What is expected: Please keep pictures out of the copy, and print exactly the lines from the one containing "APIVITA HA5 MIEL" through the end of the records.
Excerpted records section start
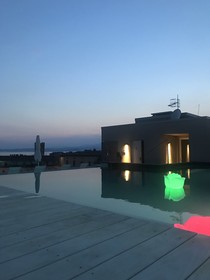 SOLHO Hotel Bardolino
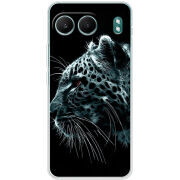 Чохол BoxFace OnePlus Nord 4 Leopard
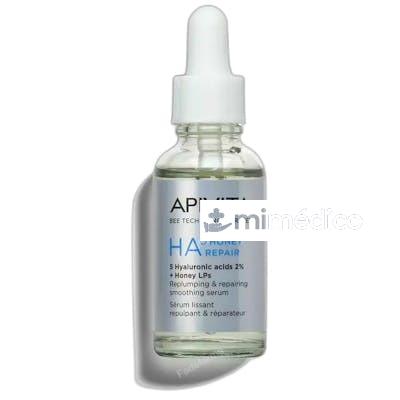 APIVITA HA5 MIEL SERUM REPARADOR ALISA Y RELLENA 30 ML ARAMIS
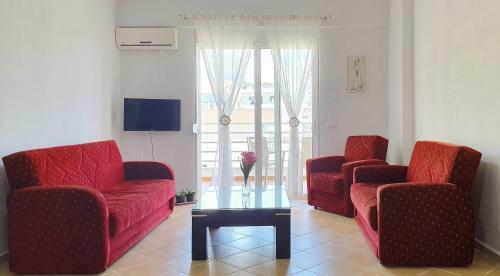 Marina Apartments - Seaview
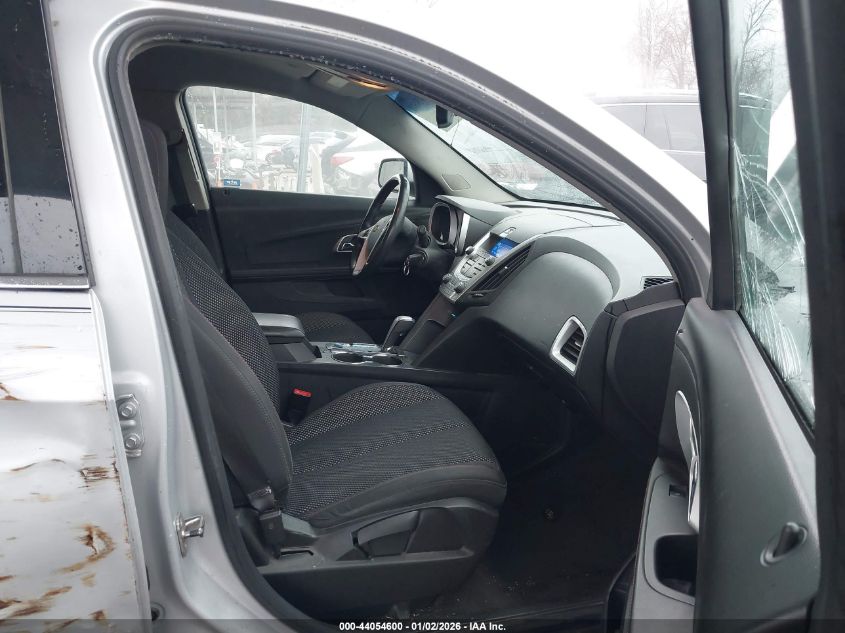 2011 Chevrolet Equinox 1Lt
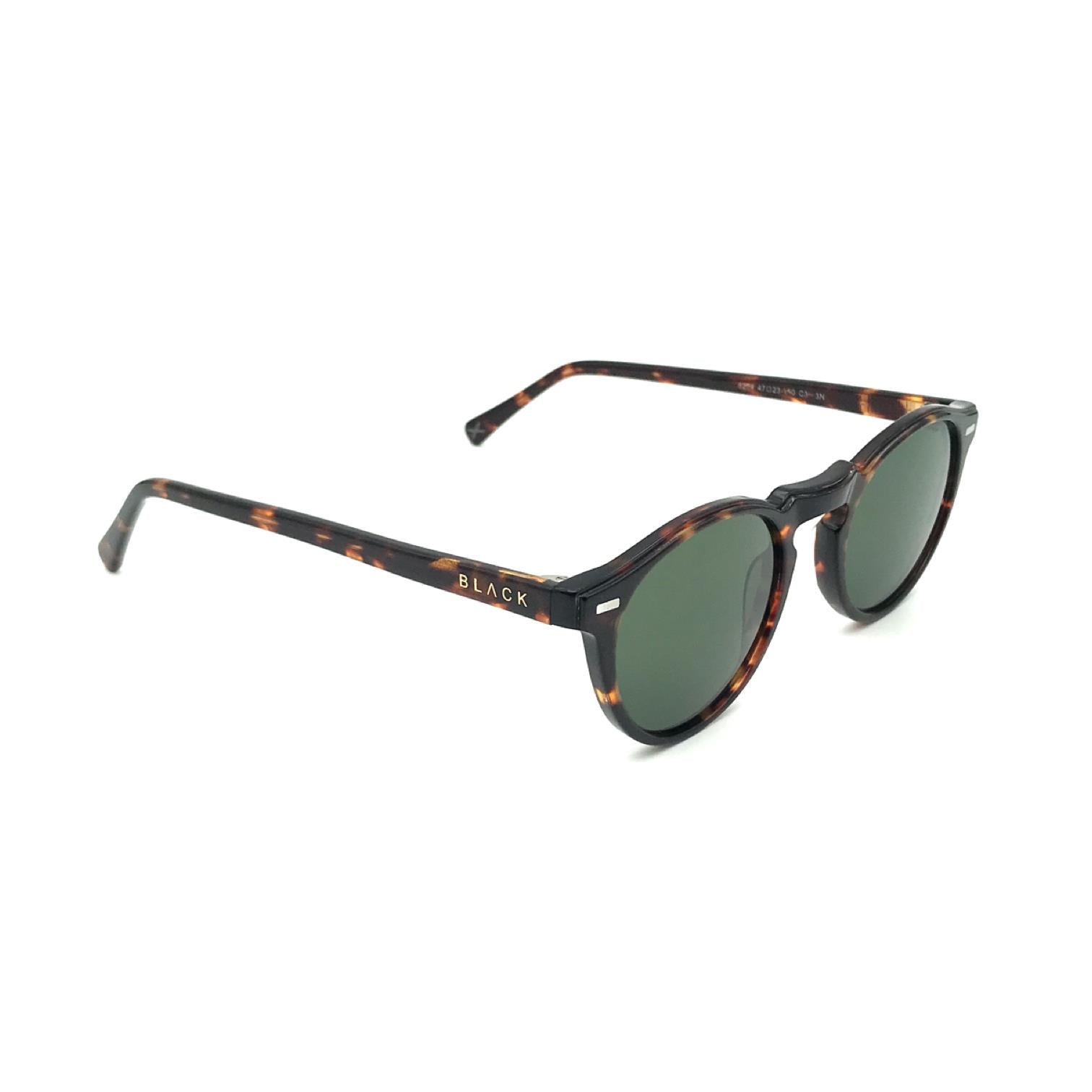 BLACK BLK8254 C3 Unisex Güneş Gözlüğü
Excerpted records section end
Problem solution:
 APIVITA HA5 MIEL SERUM REPARADOR ALISA Y RELLENA 30 ML ARAMIS
 Marina Apartments - Seaview
 2011 Chevrolet Equinox 1Lt
 BLACK BLK8254 C3 Unisex Güneş Gözlüğü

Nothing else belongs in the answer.